The Sorting was boring from there, Slytherin gaining a few more members to its ranks, but so did all of the others as well. Food was severed not long after that, the warmth of it fighting against the chill that had settled in most of them because of the weather. It wasn't until the Inter - House Quidditch Cup was mentioned that things became interesting once more.
And that was because they were being told that there would be no quidditch cup at all.
"What the fuck?" Harry curses, knowing that he isn't the only one as all four houses all seem to agree on something for the first time in history.
Dumbledore kept speaking though, describing the tournament that was coming to their school without yet naming it. Building suspension.
Dramatics.
Honestly, it was working. Even as most of the Slytherins - their families all working for the ministry - knew what was coming, there was a fair few of them that were still leaning forwards to hear what was said.
Though, there was an interruption before their Headmaster could name the tournament itself.
The doors to the Great Hall slammed open with enough force to make the noise rattle throughout the room as everyone turned to look at the figure that had done such a thing.
The man was tall, his shoulders wide as they all looked upon hi, even as most of it was hidden by the eccentric sort of coat that the man was wearing. Lightening flashed angrily through the enchantment of the conjured sky above at the figure walked further into the Great Hall, hinting with a rage as the electricity within them was only false and could do no real harm to the stranger as he finally reached Dumbledore and the Headmaster introduced him as Alastor Moody.
Their defense Professor had arrived.
And the magics of the castle hated him more than anyone else within it.
"I thought that he was supposed to be one of the ones that hunted dark wizards," Harry whispered, speaking low enough so that only the snakes around him could hear.
"He is," Theo said, his voice sure as he sat to Harry's left, Blaise on the younger's right.
"He definitely is," Pansy added, thinking of the times that the man had come after her family when she had been young, and the war had still be fresh in all their minds.

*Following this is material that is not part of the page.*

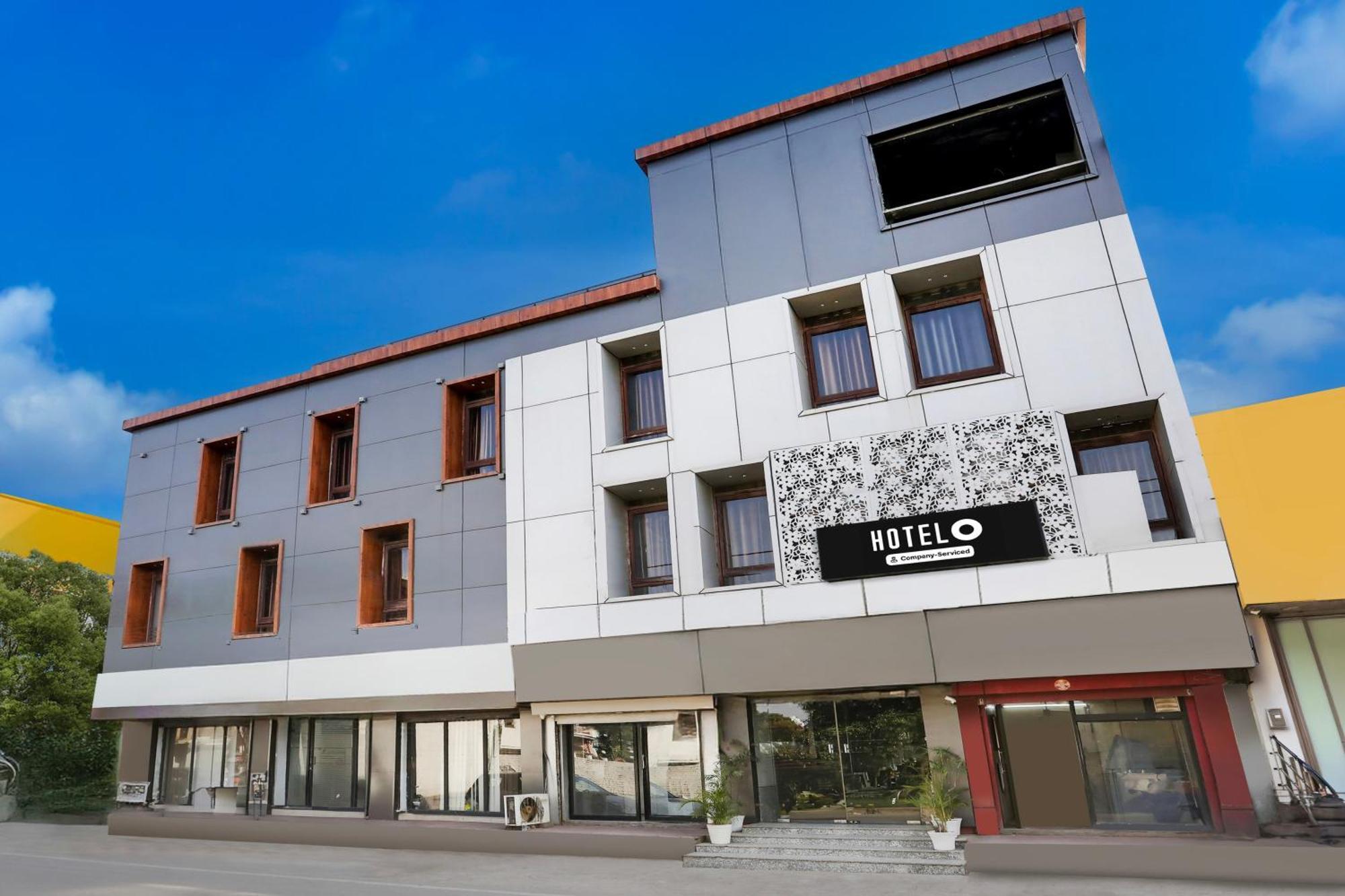 Super O Isbt Hotel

In back ground, the Headmaster continued to talk of the tournament, saying something that elicited shock from most of the student body, but none of them were listening.
"The castle sure doesn't think so," Harry says, feeling the way that the light and the slivers of dark magic alike tried to force the man to leave simply from pressure alone. "The last person that I felt it fight this hard against was me."

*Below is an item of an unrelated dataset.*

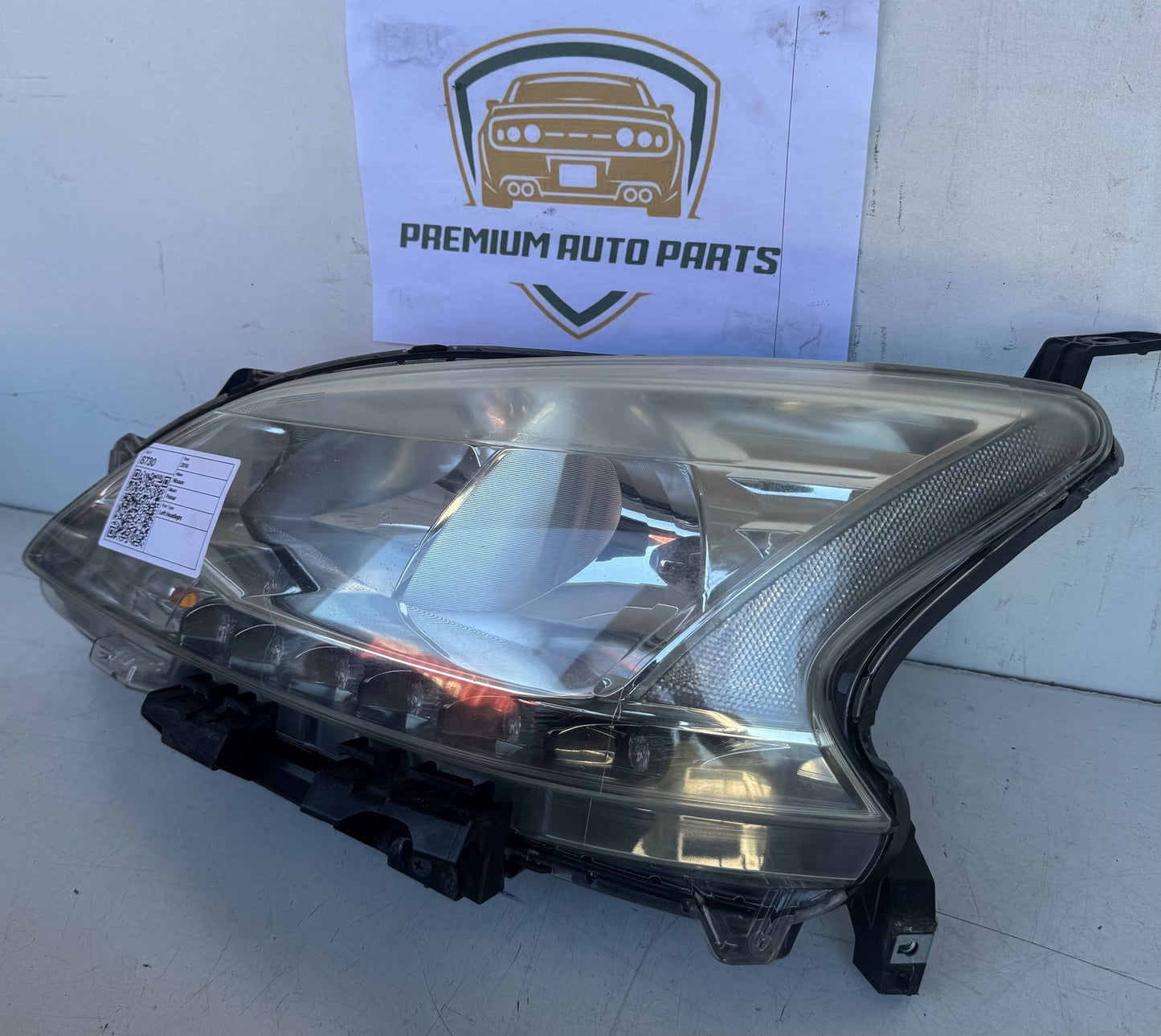 2014 Nissan Pulsar B17 Sedan Left Headlight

None of them knew what to say to that, not when they all knew that the reason that the castle had fought so hard was because of the well of dark magic within the boy's veins, enough that it was almost like he was made of it.
Harry thought that Severus had been right to warn him of this man, even if the reasons were a bit different than what he was sure his head of house had been thinking at the time.
—-
The dungeons were a wash of energy when the Slytherins got down to them, the promise of the duels to come settling in their bones.

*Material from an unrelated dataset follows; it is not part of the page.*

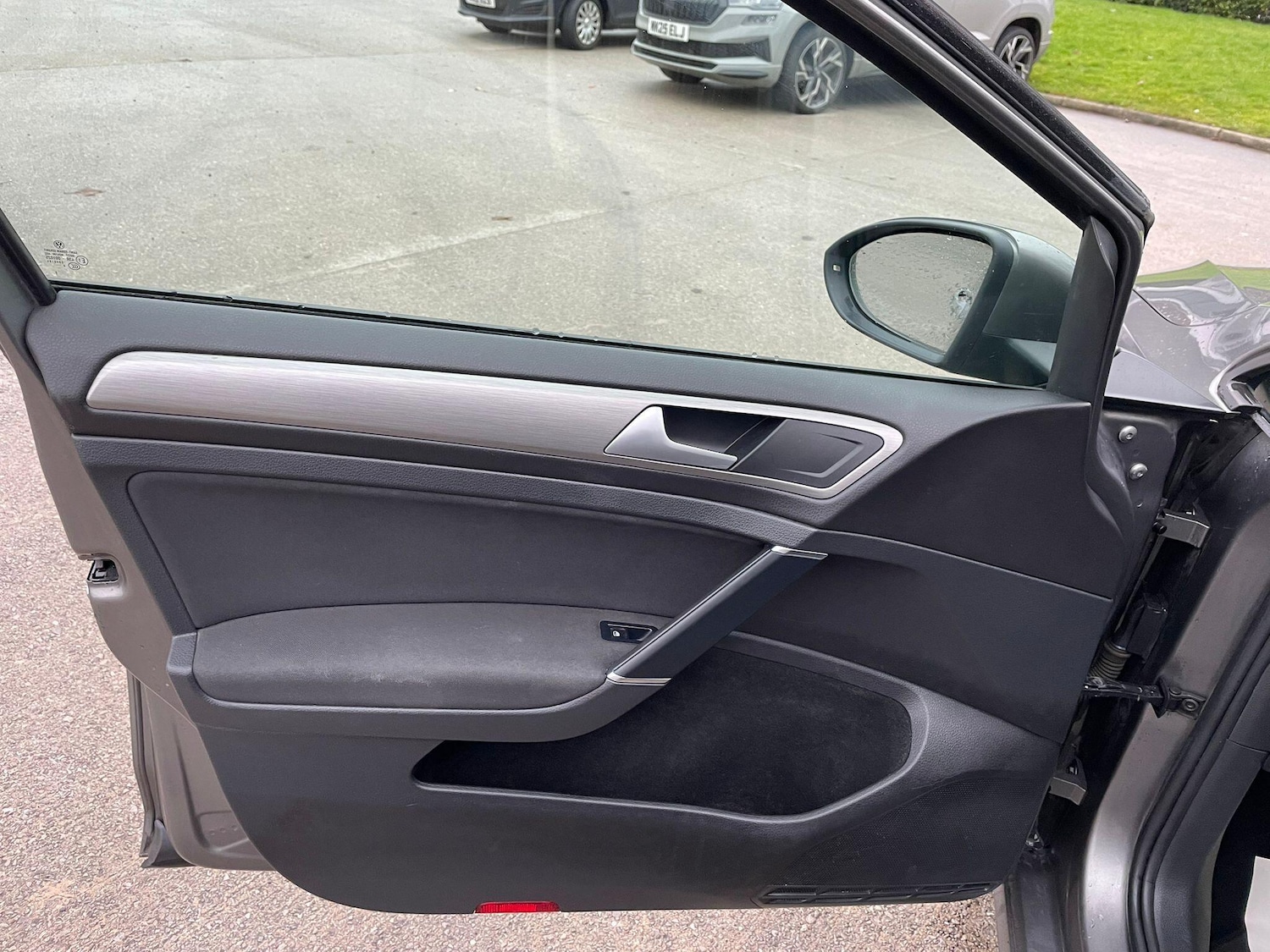 Used Volkswagen Golf 2016 for sale - 77400679: Photo 33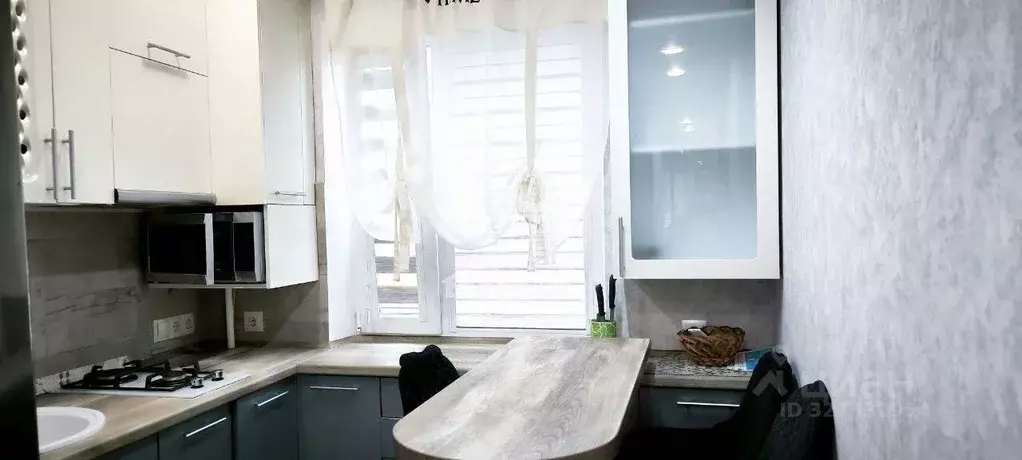 3-к кв. Крым, Керчь ул. Юных Ленинцев, 5 (48.0 м) - Фото 2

These were always good nights to be a snake.
Though, Harry couldn't help but think that this year might be just a bit different than the ones before. That it would have to be with the tournament to come.
"Yes, Potter?" The fifth year Slytherin prefect asked as she looked at the teen in question, knowing that the other had the authority to over ride anything that she said, but that if he was raising his hand as he was now then it was a question. A suggestion. And those could be ignored.
Though, historically, she had to admit that the other teen typically didn't lead the, wrong. She could still remember her first year at school, the darkness that had clung to their house. The fear.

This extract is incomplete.